> Collection entries
- Opening Delimiter -

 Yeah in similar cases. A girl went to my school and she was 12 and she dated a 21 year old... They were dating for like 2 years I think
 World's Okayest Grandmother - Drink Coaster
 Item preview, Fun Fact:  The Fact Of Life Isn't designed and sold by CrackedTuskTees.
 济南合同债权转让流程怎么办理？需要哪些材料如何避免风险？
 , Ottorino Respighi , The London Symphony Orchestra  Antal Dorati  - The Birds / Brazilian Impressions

- Closing Delimiter -
- Opening Delimiter -

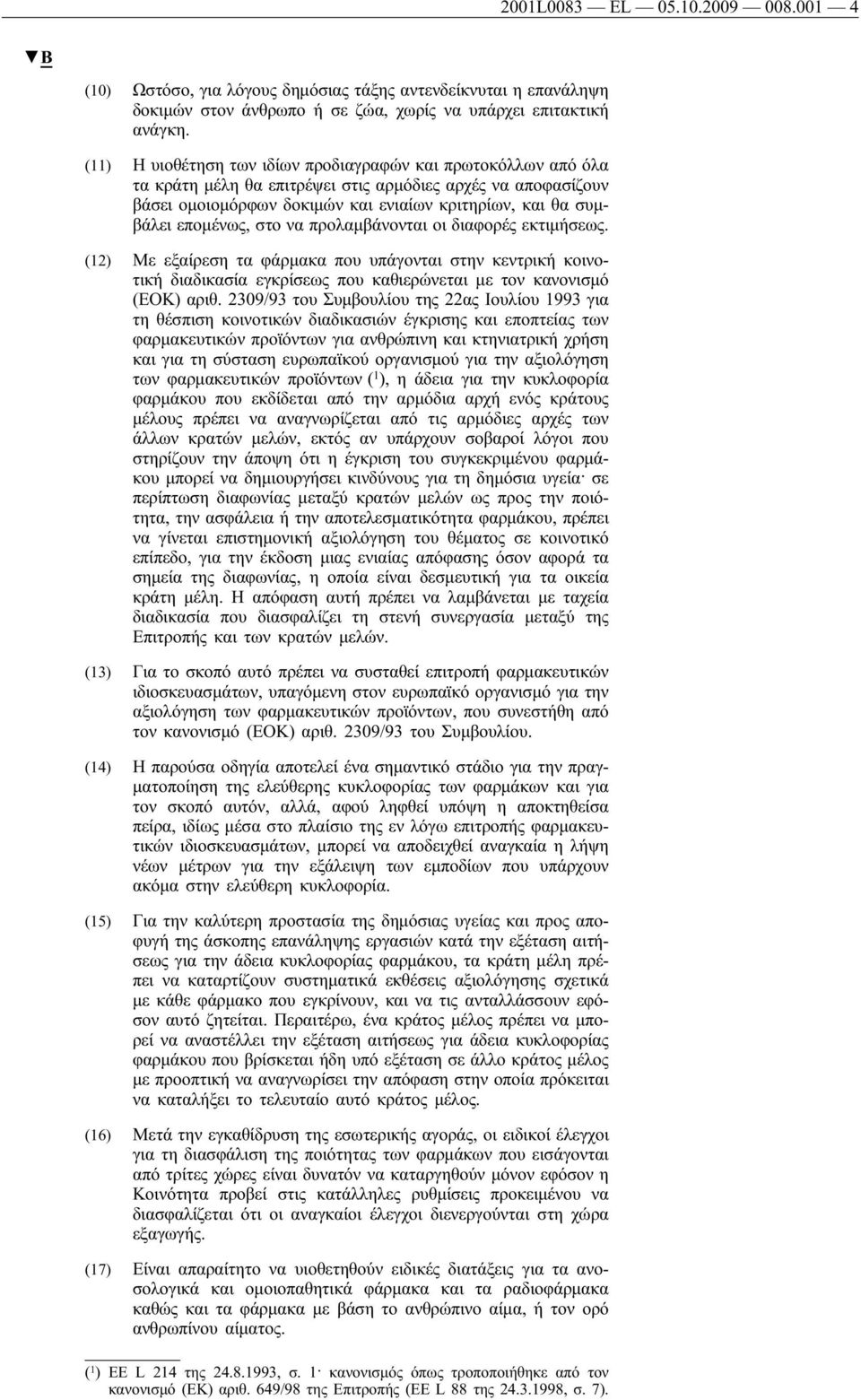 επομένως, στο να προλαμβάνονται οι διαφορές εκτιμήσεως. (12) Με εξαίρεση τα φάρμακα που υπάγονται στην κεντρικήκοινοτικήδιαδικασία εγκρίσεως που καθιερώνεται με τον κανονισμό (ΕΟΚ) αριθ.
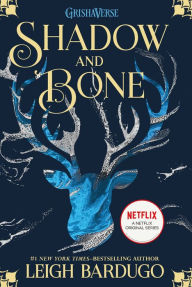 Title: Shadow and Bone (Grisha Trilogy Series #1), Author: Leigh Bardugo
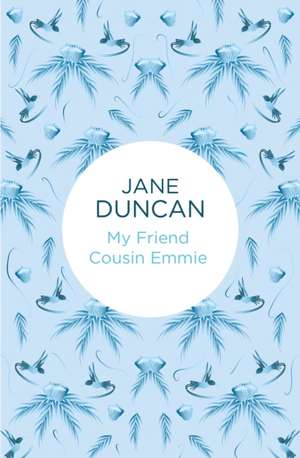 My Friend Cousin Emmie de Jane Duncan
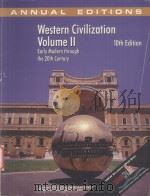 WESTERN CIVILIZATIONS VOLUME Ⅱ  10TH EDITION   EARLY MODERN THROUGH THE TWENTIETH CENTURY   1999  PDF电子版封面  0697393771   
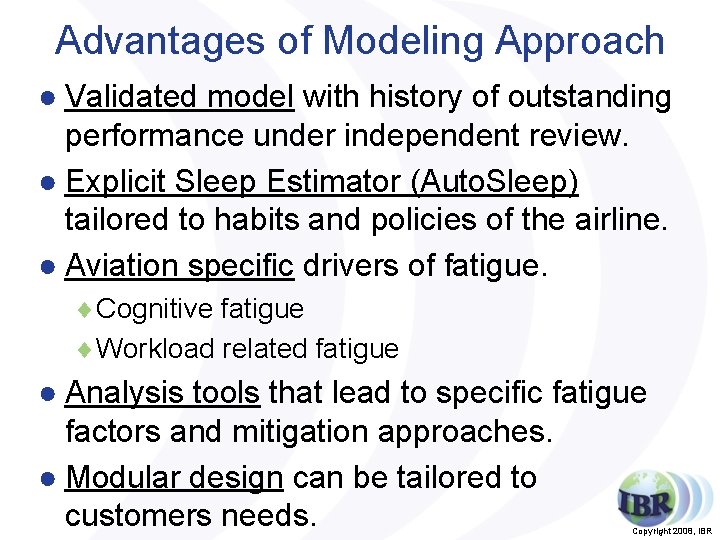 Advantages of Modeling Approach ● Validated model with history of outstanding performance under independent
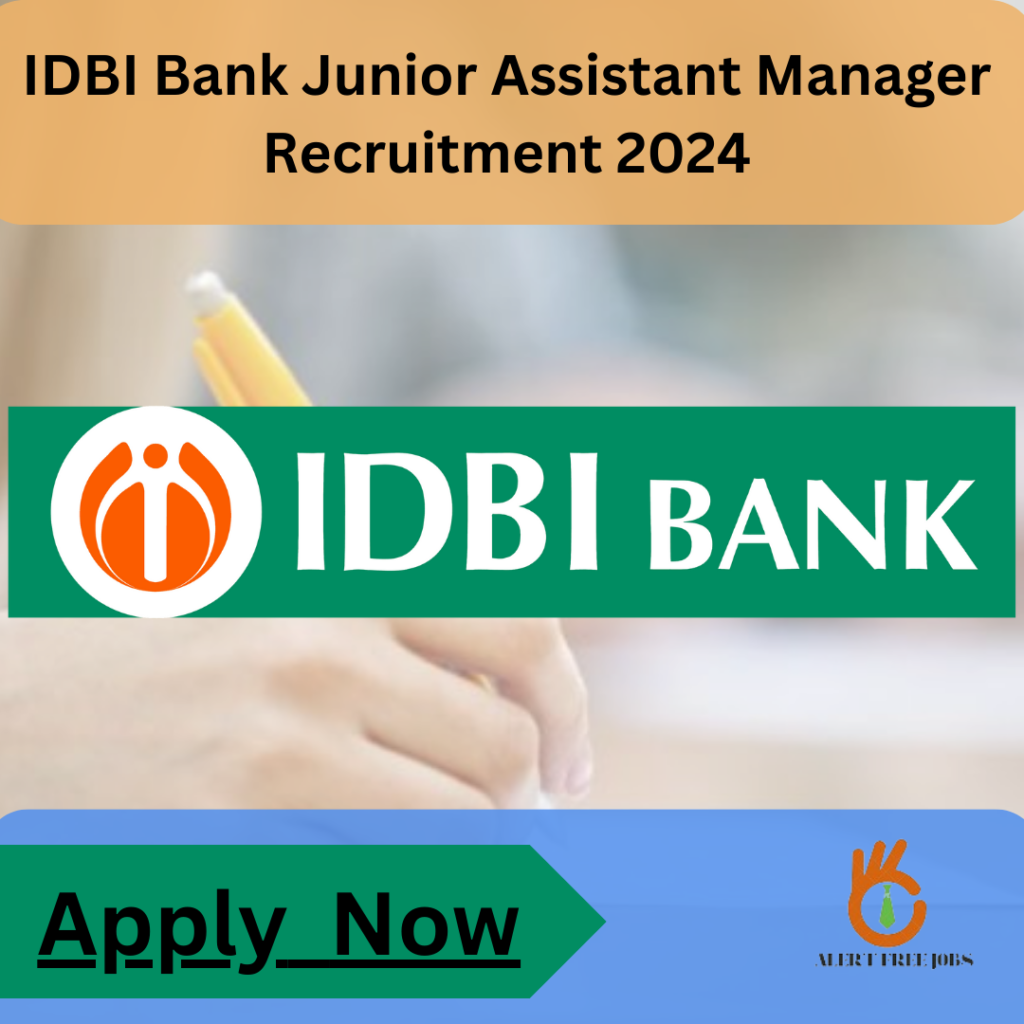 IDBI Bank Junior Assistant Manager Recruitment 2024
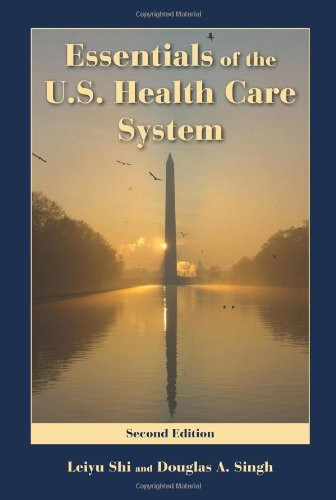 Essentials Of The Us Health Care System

- Closing Delimiter -

> Work request
When you reach the line with "Yeah in similar" in the records above, start writing out lines exactly, and stop once the line with "Birds / Brazilian Impressions" has been written; include nothing else.

> Written solution
 Yeah in similar cases. A girl went to my school and she was 12 and she dated a 21 year old... They were dating for like 2 years I think
 World's Okayest Grandmother - Drink Coaster
 Item preview, Fun Fact:  The Fact Of Life Isn't designed and sold by CrackedTuskTees.
 济南合同债权转让流程怎么办理？需要哪些材料如何避免风险？
 , Ottorino Respighi , The London Symphony Orchestra  Antal Dorati  - The Birds / Brazilian Impressions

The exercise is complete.